▶ [SUPPLIED MATERIAL]:
------------------------------------

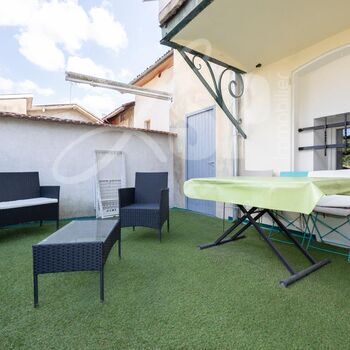 Appartement T2 - Terrasse centre ville : Appartement T2 - Terrasse centre ville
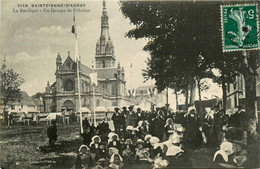 Ste Anne D'auray * Vue Sur La Basilique * Un Groupe De Pèlerins * Coiffe * Fête Religieuse - Sainte Anne D'Auray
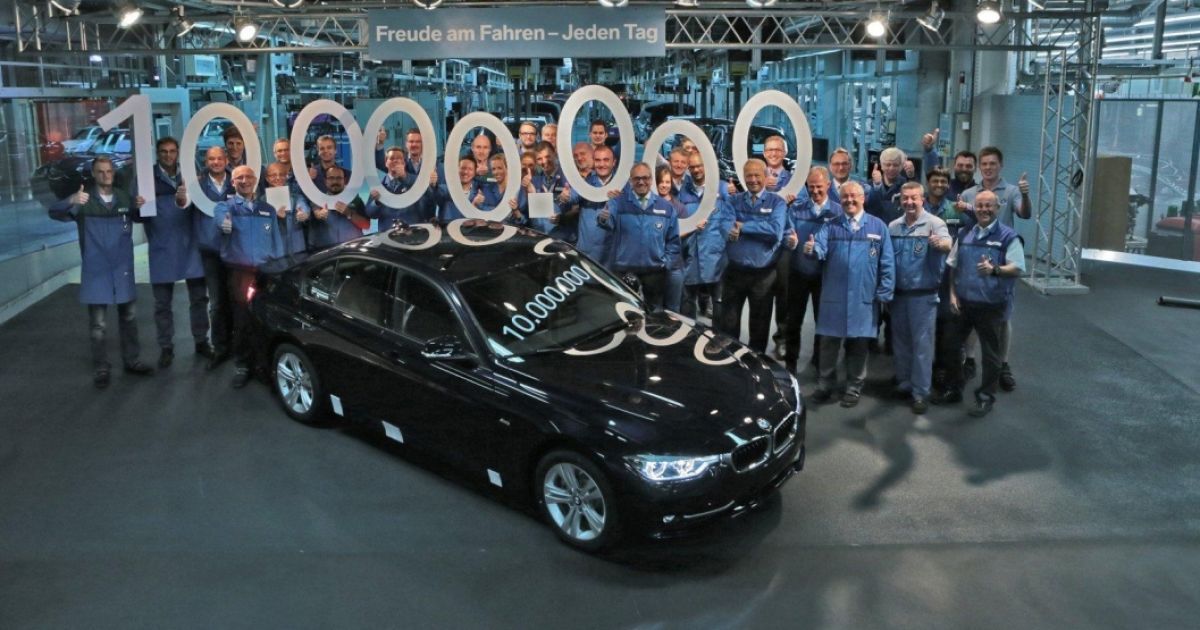 Баварцы празднуют выпуск 10-миллионной BMW 3-Series Sedan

------------------------------------

▶ [PROBLEM DESCRIPTION]:
Please repeat the data verbatim and leave the pictures out of your copy.

▶ [EXERCISE OUTPUT]:
 Appartement T2 - Terrasse centre ville : Appartement T2 - Terrasse centre ville
 Ste Anne D'auray * Vue Sur La Basilique * Un Groupe De Pèlerins * Coiffe * Fête Religieuse - Sainte Anne D'Auray
 Баварцы празднуют выпуск 10-миллионной BMW 3-Series Sedan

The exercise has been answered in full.